Cuba seeks oil near (FL)Keys (that would benefit China)(FLASHBACK May, 2006)
Few Americans paid much attention last year when Cuban President Fidel Castro announced China would help explore potentially large oil reserves off Cuba's northwest coast - not far from the Florida Keys.
But now - with gas prices climbing above $3 a gallon - the prospect of China drilling near the United States has become a hot political issue as two of the world's largest economies vie for new sources of energy.
Some members of Congress warn that China and other countries could lock up oil supplies at a time when U.S. companies are barred from doing business with Cuba because of a 43-year-old trade embargo.
"We sit here watching China exploit a valuable energy resource within eyesight of the U.S. coast,'' said. Sen. Larry Craig, an Idaho Republican.
"I think the American public would be shocked - as this country is trying to reduce dependence on Middle East oil - that countries like China are realizing this energy resource.''
But Sen. Bill Nelson of Florida, worried that a Cuban oil spill could hurt the state's environment and $50-billion tourism industry, wants to block drilling in Cuba's northern waters.
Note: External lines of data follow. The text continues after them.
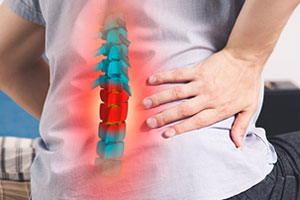 Graphic of painful back vertebrae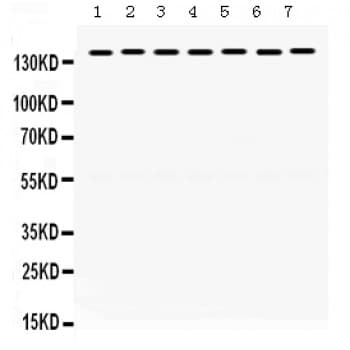 SMC3 / HCAP Antibody (aa1178-1216)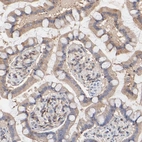 Immunohistochemical staining of human small intestine shows weak cytoplasmic positivity in glandular cells.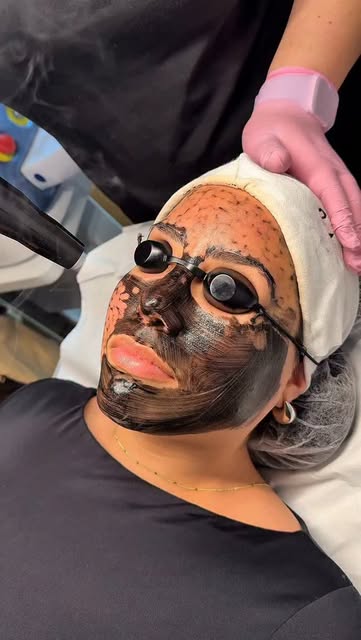 Paciente con mascarilla de carbón y gafas de protección durante una limpieza facial en cabina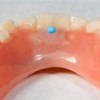 (14.) Placing a dyed resin bump further helps with the development of a normal tongue posture by inducing visual memory.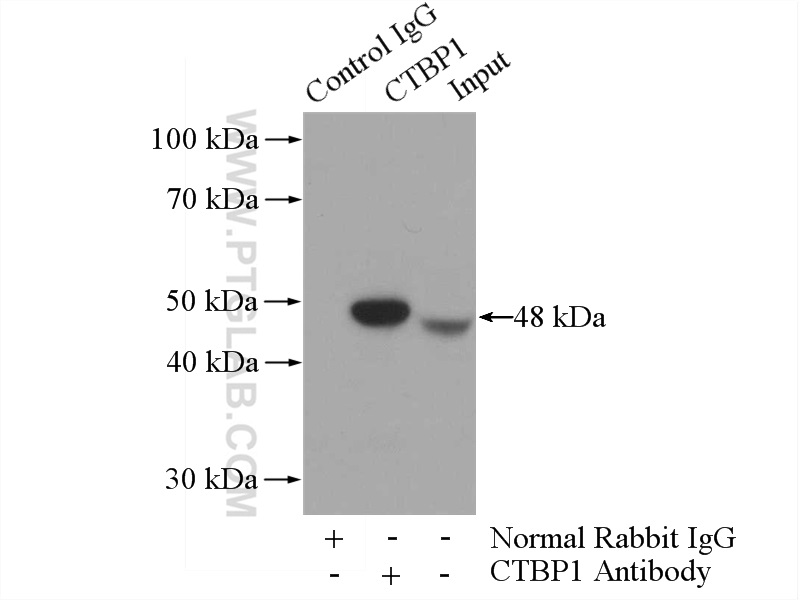 10972-1-AP;mouse brain tissue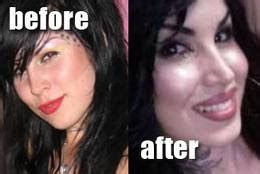 Kat Von D Plastic Surgery Before and After Botox and Tattoos - Star Plastic Surgery Before and After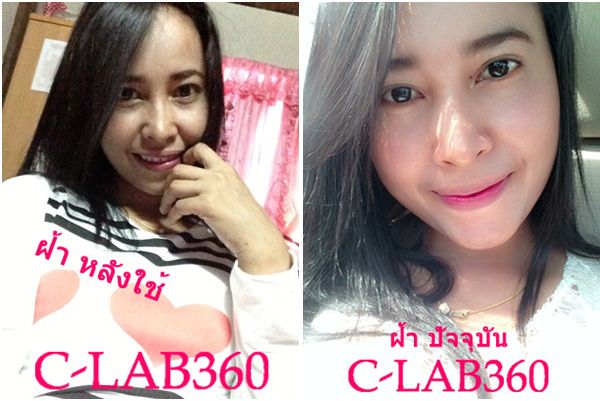 ฝ้า กระ จุดด่างดำ ฝ้า กระ จุดด่างดำ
"Any oil spill 45 miles from Key West is going to absolutely devastate all those delicate coral reefs, the fragile Florida Keys, and would endanger pristine beaches all the way up to Fort Pierce,'' said Nelson, a Democrat.
Cuba pumps about 80,000 barrels of oil a day in Havana and Matanzas provinces, but it is of poor quality and meets less than half of the country's needs.